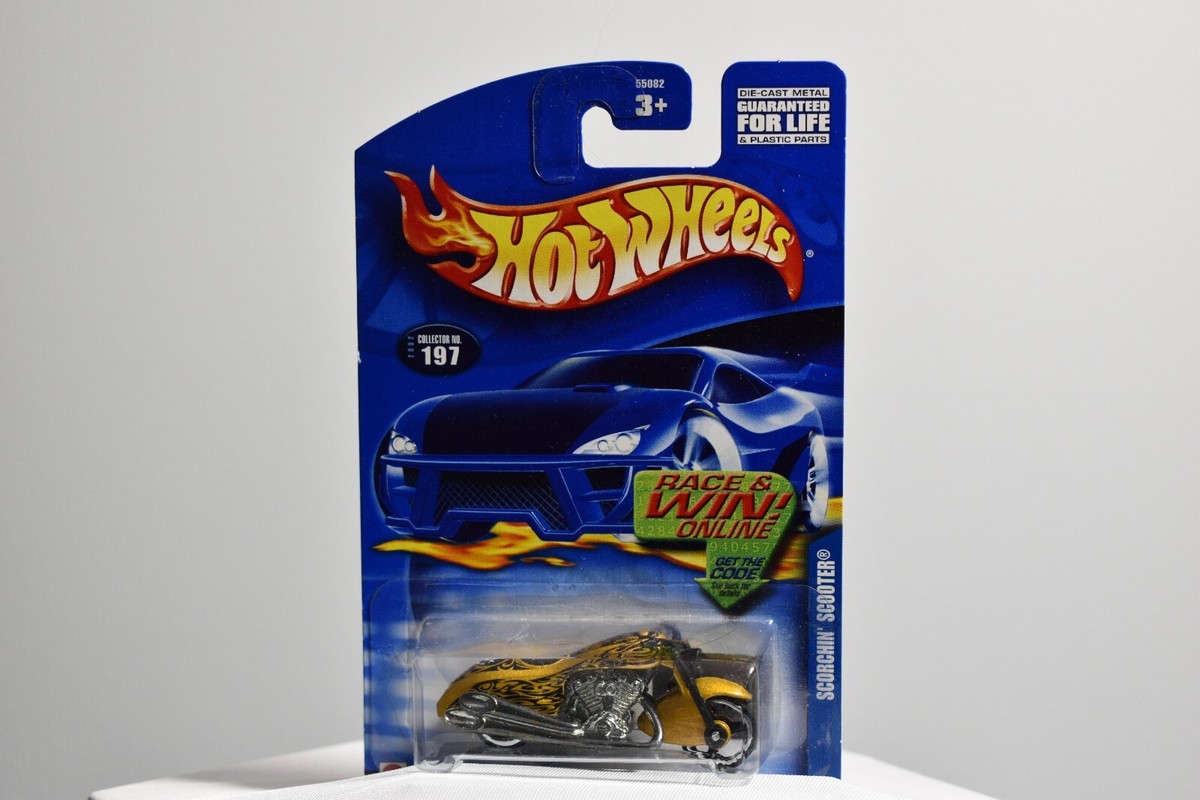 Hot Wheels Scorchin Scooter #197 | eBay 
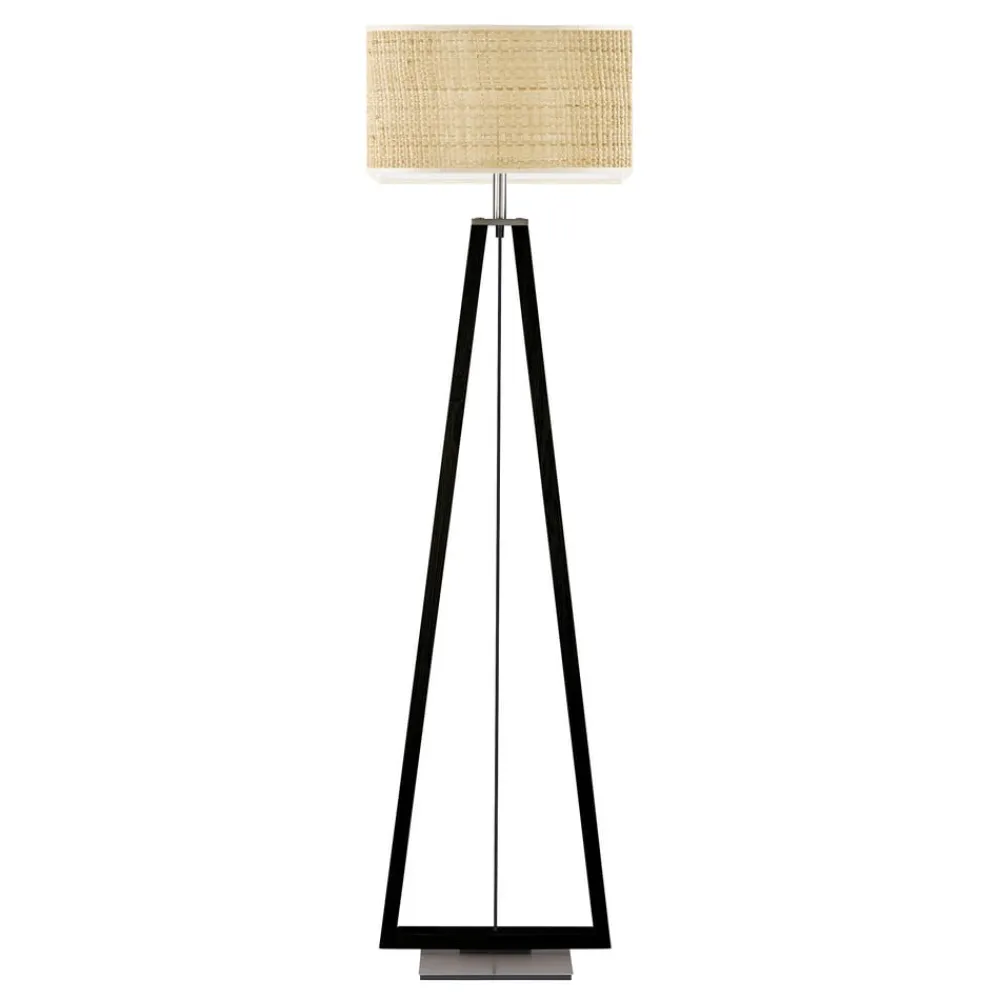 HerzBlut Gulvlamper|Gulvlamper > Bi Bob gulvlampe, ask eg trækul/sand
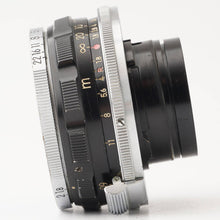 Load image into Gallery viewer, Nippon Kogaku W-NIKKOR 3.5cm 35mm f/1.8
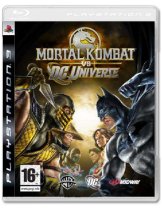 Диск Mortal Kombat vs. DC Universe [Essentials] [PS3]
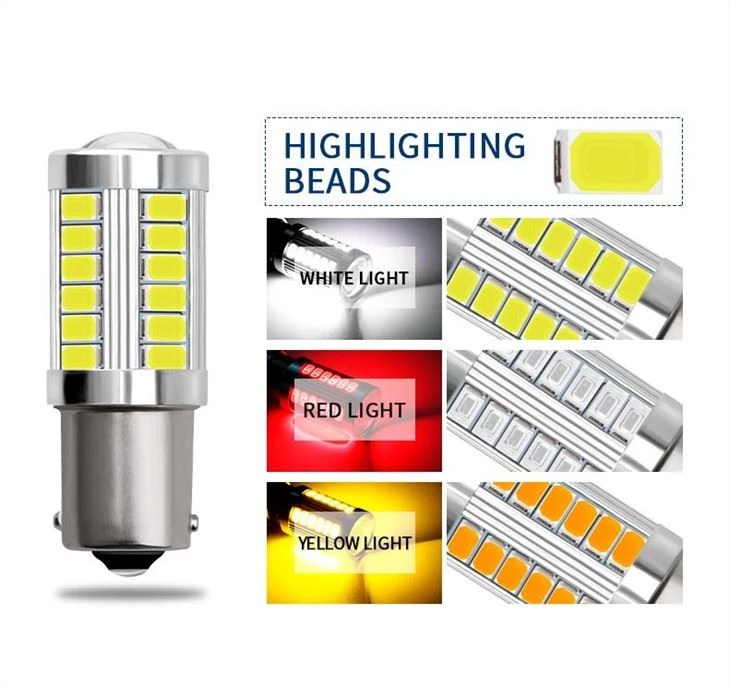 LED Turn Signal Light Brake Bulbs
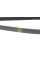2360K6 HUTCHINSON Ремінь генератора MB W124/W164 (6PK2360)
########
- [Work to be completed] Transcribe only the lines between the line containing "Диск Mortal Kombat" and the final line of the listing, inclusive, exactly as they appear; no pictures are to be included.

- [Written response]
 Диск Mortal Kombat vs. DC Universe [Essentials] [PS3]
 LED Turn Signal Light Brake Bulbs
2360K6 HUTCHINSON Ремінь генератора MB W124/W164 (6PK2360)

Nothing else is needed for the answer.